Understanding the New Wave of ERISA Litigation Targeting Voluntary Benefit Plans

What Employers, Plan Fiduciaries and Brokers Need to Know
Holland & Knight Alert
Lindsey R. Camp | Chelsea Ashbrook McCarthy | Monica I. Perkowski | Todd D. Wozniak

Highlights

  • Schlichter Bogard LLC recently filed several class action lawsuits under the Employee Retirement Income Security Act of 1974 (ERISA) targeting major employers and their brokers/consultants for allegedly breaching fiduciary duties related to voluntary benefit plans, such as accident, critical illness and hospital indemnity insurance.
  • These suits claim that employers failed to ensure that the costs of these insurance programs were reasonable, which caused employees to pay excessive premiums. The suits also target brokers whom the plaintiffs allege are plan fiduciaries who violated their fiduciary duties and engaged in unlawful self-dealing.
  • Employers and brokers should review their policies and practices surrounding their handling and communication of these types of voluntary benefit programs to help minimize litigation risk.

A new trend in Employee Retirement Income Security Act of 1974 (ERISA) class actions is targeting employers and benefits consultants over voluntary benefit programs, such as accident, critical illness, cancer and hospital indemnity insurance. These lawsuits allege fiduciary breaches and unlawful prohibited transactions and could result in significant exposure for employers, plan fiduciaries and brokers. Schlichter Bogard LLC recently filed several class action lawsuits under ERISA targeting major employers and their brokers/consultants for similar alleged breaches in fiduciary duties related to voluntary benefit plans. Schlichter Bogard's involvement in this litigation is significant given that it has been recognized as a pioneer of 401(k) excessive fee litigation, secured numerous U.S. Supreme Court victories favoring plan participants and obtained billions of dollars in ERISA class action settlements.

What Are Voluntary Benefit Plans?

Voluntary benefits are supplemental insurance products – such as accident, critical illness and hospital indemnity coverage – offered by employers on a strictly voluntary basis and fully paid by employees. Such programs are appealing to employers and employees alike. To employees, such products can be an additional perk of employment, providing employees access to products they may not otherwise seek out on their own and with the advantage of discounted group pricing. To employers, these products can be listed as an additional benefit of employment, allowing employers to distinguish themselves among competitors at a relatively low cost, since employees pay the full cost of voluntary benefits. 

The cost of participating in these programs is typically paid by employees through payroll deductions.
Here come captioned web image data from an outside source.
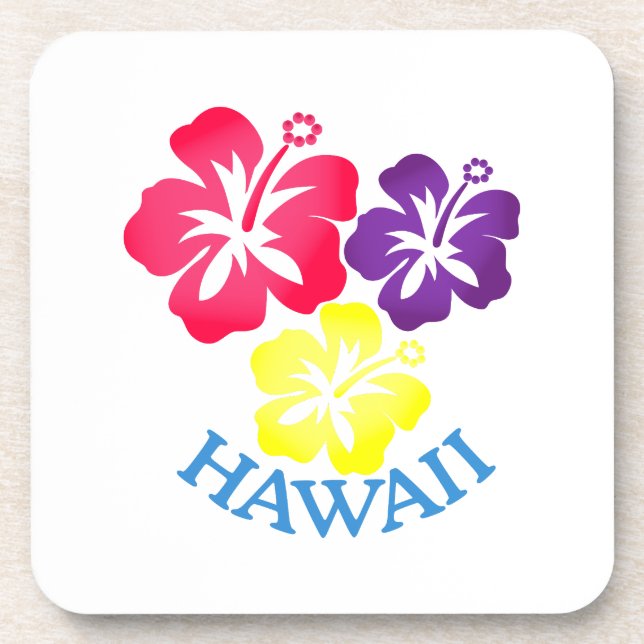 Hawaii Coaster (Front)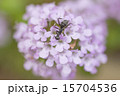 紫の花 15704536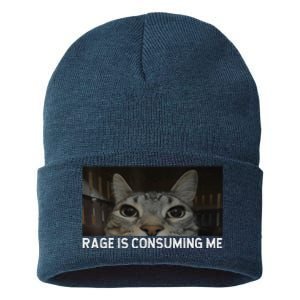 Rage Is Consuming Me Cat Meme Silly Staring Cat Funny Meme Sustainable Knit Beanie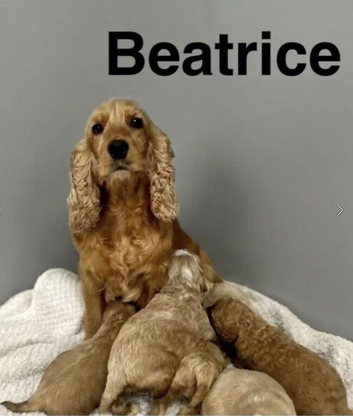 Beatrice litter of apricot cockapoo girls and boys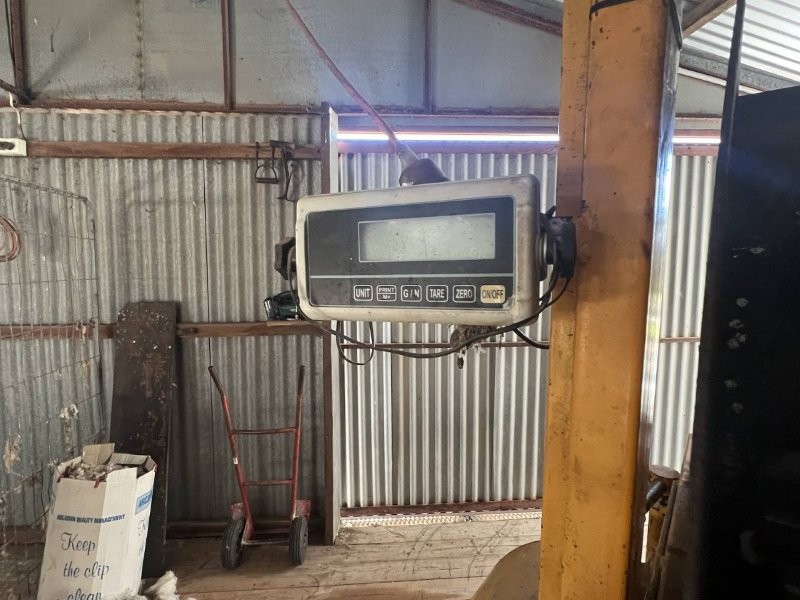 Lot 69 3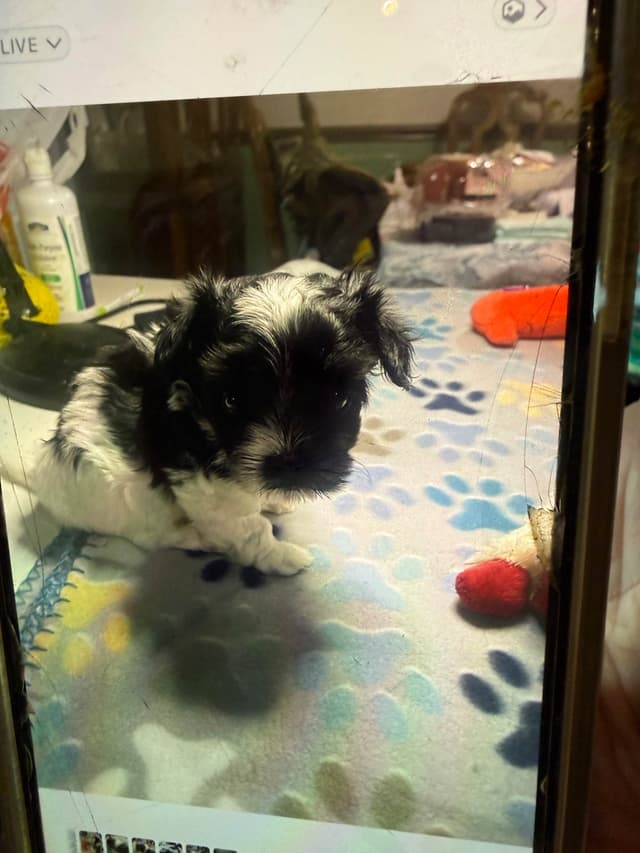 Havanese Puppies media 3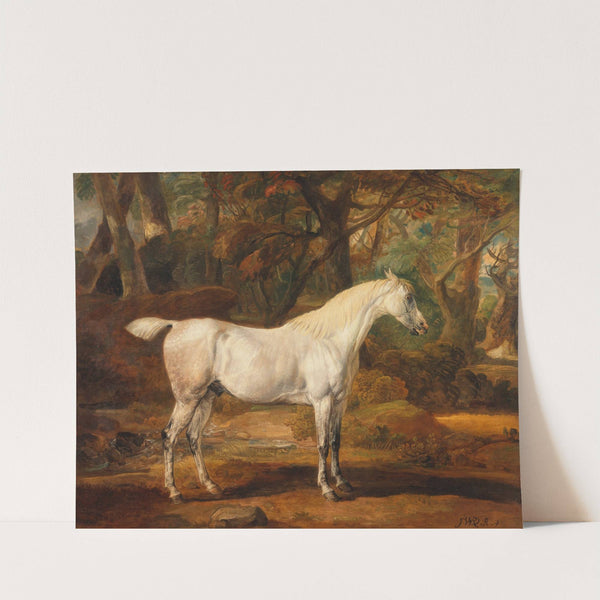 Grey Arabian stallion, the property of Sir Watkin Williams-Wynn (ca. 1817) by James Ward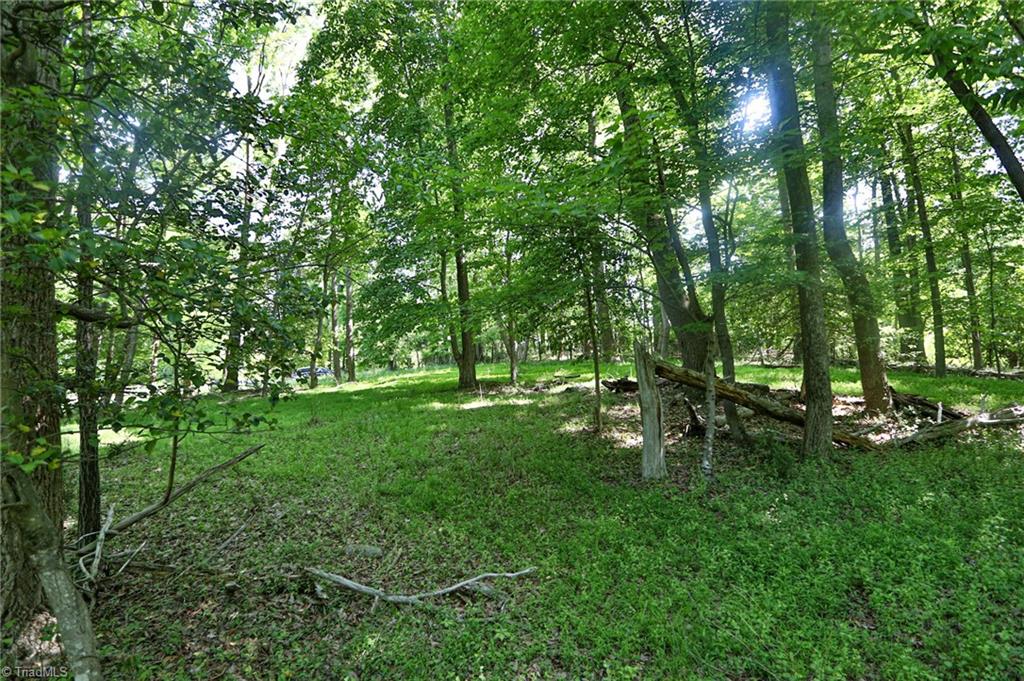 Tbd Mayberry Road Jonesville, NC 28642 - Photo 6 of 20 Gallery Image 6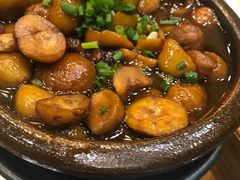 -木子山庄·安徽省老字号·中国炖锅宴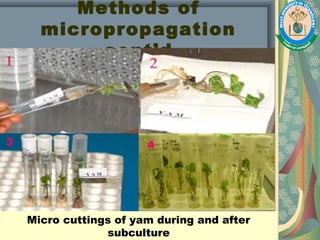Methods of
micropropagation
cont’d
Micro cuttings of yam during and after
subculture
3 4
 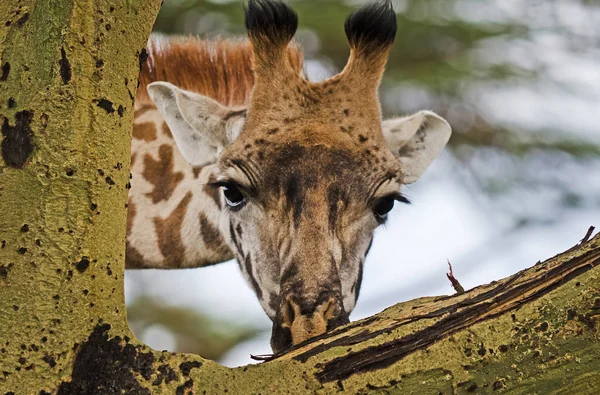 Giraffe in the wild. An animal with a long neck. Wild world of the African savannah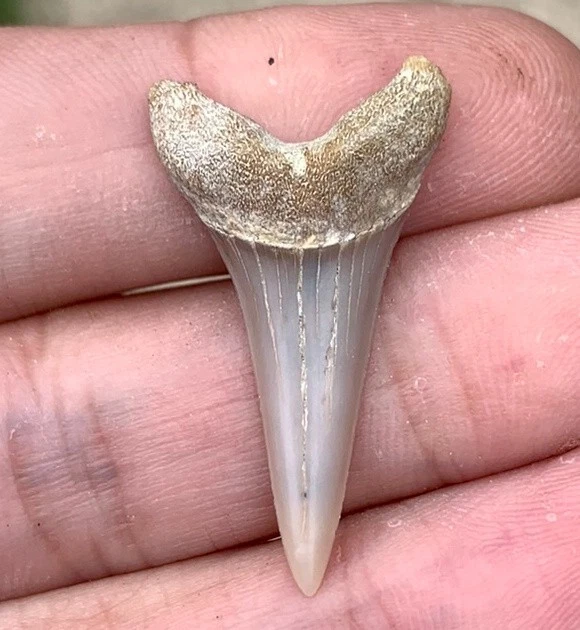 Fossil Carcharodon hastalis - Bakersfield California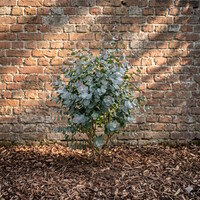 Eucalyptus cinerea | zilvereucalyptus | 30 cm hoog | in 12 cm pot | wintergroene blikvanger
Though employers often view these programs as having little to no ligation risk because employers do not subsidize the premiums or administer the programs, ERISA may apply under certain circumstances, triggering possible fiduciary obligations.
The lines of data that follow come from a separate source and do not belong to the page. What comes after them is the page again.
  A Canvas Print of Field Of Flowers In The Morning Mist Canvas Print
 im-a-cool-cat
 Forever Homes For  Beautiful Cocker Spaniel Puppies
When Are Voluntary Benefit Plans Covered By ERISA?

The provisions of ERISA govern any "employee welfare benefit plan," which is defined as "any plan, fund, or program … to the extent that such plan, fund, or program was established or is maintained by an employer … for the purpose of providing for its participants or their beneficiaries, through the purchase of insurance or otherwise, (A) medical, surgical, or hospital care or benefits, or benefits in the event of sickness, accident, [or] disability …." 29 U.S.C. § 1002(1). A voluntary benefit plan is generally excluded from the definition of an "employee welfare benefit plan" because it is not established or maintained by the employer. The U.S. Department of Labor (DOL) has established a safe harbor that, if met, ensures the voluntary benefit plan is not considered an employee welfare benefit plan and is therefore exempt from ERISA. See 29 C.F.R. § 2510.3-1(j). The DOL's safe harbor exempts voluntary plans from ERISA if all four of the following conditions are met: 1) The employer does not pay or contribute to the payment of premiums, 2) the employer does not receive any compensation other than reasonable administrative cost reimbursement, 3) employee participation is completely voluntary and 4) the employer does not endorse the program beyond allowing payroll deductions and allowing the insurance carrier or broker to advertise the availability of the benefit to employees.

In the recently filed class actions, the plaintiffs assert their employers failed to comply with the DOL safe harbor and that the plans meet the definition of an employee welfare benefit plan subject to ERISA and its fiduciary duties. 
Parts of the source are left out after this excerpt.